On Mon, May 30, 2011 at 11:33:39PM +0200, Peter Zijlstra wrote:
> On Mon, 2011-05-30 at 14:28 -0700, Paul E. McKenney wrote:
> > On Mon, May 30, 2011 at 07:19:49PM +0200, Peter Zijlstra wrote:
> > > On Mon, 2011-05-30 at 09:23 -0700, Paul E. McKenney wrote:
> > > > sp.sched_priority = RCU_KTHREAD_PRIO;
> > > > sched_setscheduler_nocheck(t, SCHED_FIFO, &sp);
> > >
> > > Why are those things RT tasks anyway? The old ksoftirq runs as a regular
> > > task.

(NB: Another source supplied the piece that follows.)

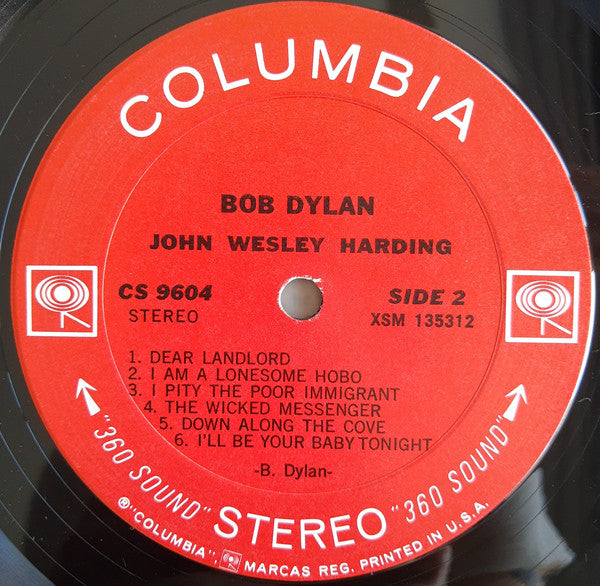 Bob Dylan : John Wesley Harding (LP, Album, Ter)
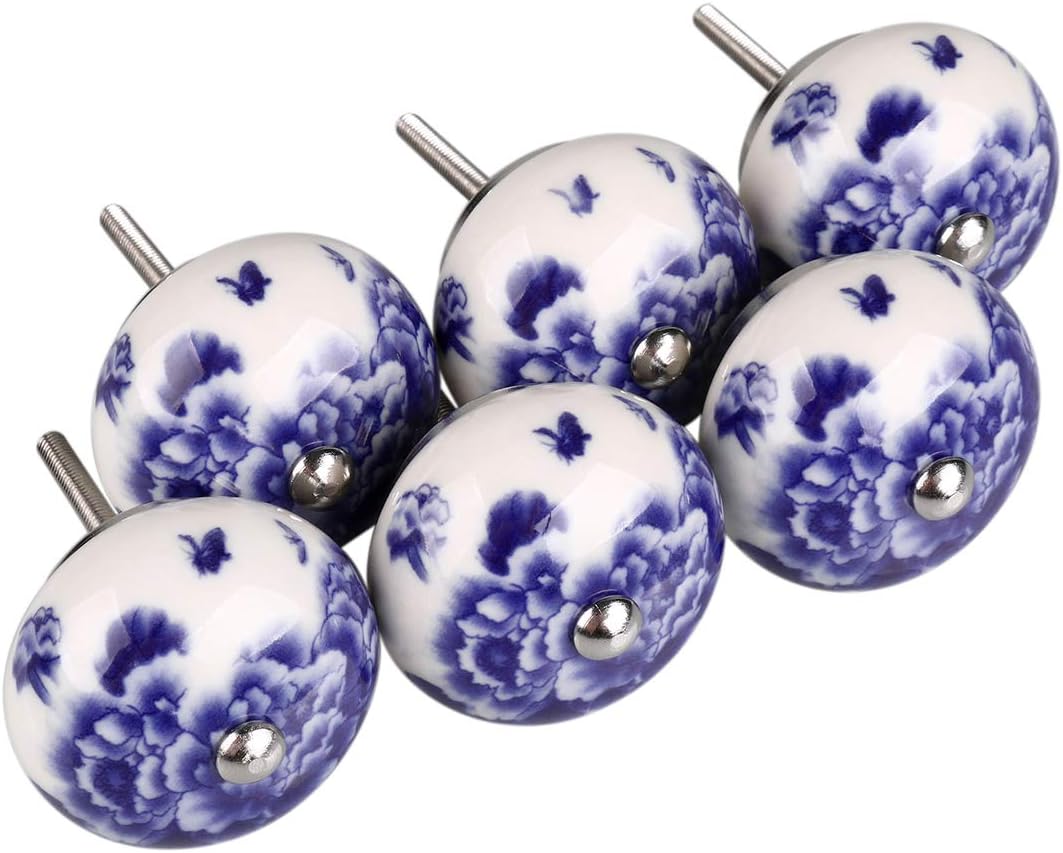 Handmade Floral Decorative Drawer Knobs, White and Blue Ceramic Knobs for Dresser, Cabinet, Drawers, Closets - Peony Pattern, Set of 6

And once you start boosting things you can boost this into FIFO as
> > > well...
> > >
> > > just wondering..
> >
> > Because priority boosting doesn't help unless the callbacks also run
> > RT priority.
> >
> > I could make it so that they ran as normal tasks if !RCU_BOOST, but
> > they would still need to run as RT tasks for RCU_BOOST. I figured
> > running them the same way in both cases would be simpler.
>
> Ah, I thought you'd boost the threads along with the waiters, to the
> same prio so that they wouldn't disturb higher priority tasks for no
> reason.

I considered that, but working out when it is OK to deboost them is
decidedly non-trivial.

Thanx, Paul

2011-05-31 01:46:06

by Paul E. McKenney

[permalink] [raw]
Subject: Re: Very high CPU load when idle with 3.0-rc1

On Mon, May 30, 2011 at 11:35:28PM +0200, Peter Zijlstra wrote:
> On Mon, 2011-05-30 at 14:29 -0700, Paul E. McKenney wrote:
> > But I should be able to move them back in under "if (cpu_online(cpu))",
> > right?
>
> Yeah, you should be able to put the wakeup in the spawn function when
> made conditional on cpu_online(), although I'm not quite sure how to do
> that for the rnp case, but I guess you'll have a better grasp on that.

OK, will give it a go.

Thanx, Paul

2011-05-31 12:31:37

by Peter Zijlstra

[permalink] [raw]
Subject: [tip:core/urgent] rcu: Cure load woes

Commit-ID: d72bce0e67e8afc6eb959f656013cbb577426f1e
Gitweb: http://git.kernel.org/tip/d72bce0e67e8afc6eb959f656013cbb577426f1e
Author: Peter Zijlstra <[email protected]>
AuthorDate: Mon, 30 May 2011 13:34:51 +0200
Committer: Ingo Molnar <[email protected]>
CommitDate: Tue, 31 May 2011 10:01:48 +0200

rcu: Cure load woes

Commit cc3ce5176d83 (rcu: Start RCU kthreads in TASK_INTERRUPTIBLE
state) fudges a sleeping task' state, resulting in the scheduler seeing
a TASK_UNINTERRUPTIBLE task going to sleep, but a TASK_INTERRUPTIBLE
task waking up. The result is unbalanced load calculation.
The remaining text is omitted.